_Input for this task_

----------

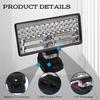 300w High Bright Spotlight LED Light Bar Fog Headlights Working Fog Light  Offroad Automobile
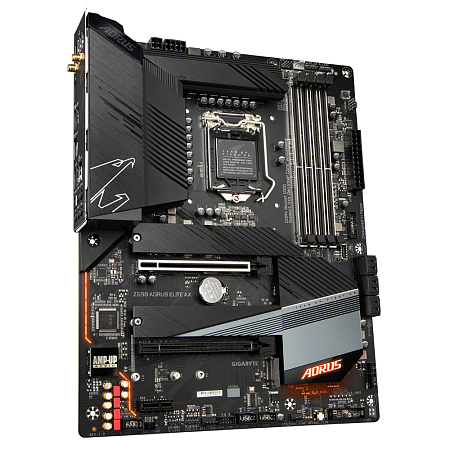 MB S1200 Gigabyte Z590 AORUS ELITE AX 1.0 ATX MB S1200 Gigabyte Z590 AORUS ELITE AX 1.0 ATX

----------

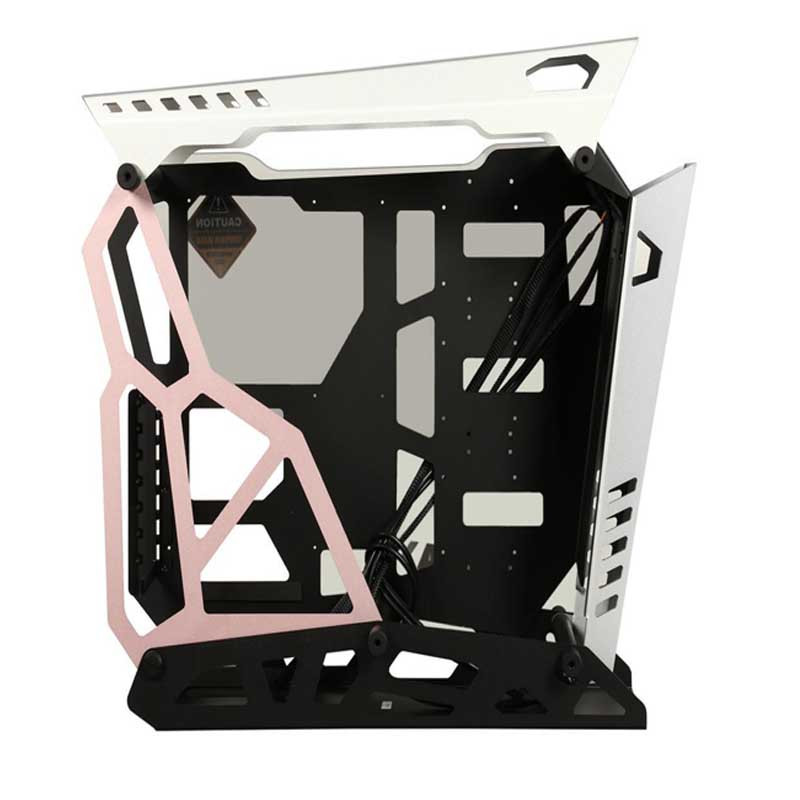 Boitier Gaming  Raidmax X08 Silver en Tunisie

----------

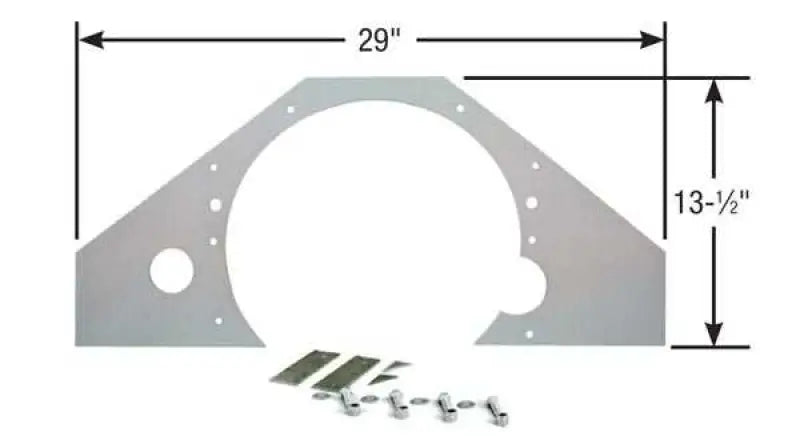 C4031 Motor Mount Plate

----------

_Exercise aim_
Although pictures appear among the records above, none are to be output; print exactly the lines from the line containing "300w High Bright" through the line containing "MB S1200 Gigabyte Z590 AORUS ELITE AX 1.0 ATX MB".

_Solution for this problem_
 300w High Bright Spotlight LED Light Bar Fog Headlights Working Fog Light  Offroad Automobile
 MB S1200 Gigabyte Z590 AORUS ELITE AX 1.0 ATX MB S1200 Gigabyte Z590 AORUS ELITE AX 1.0 ATX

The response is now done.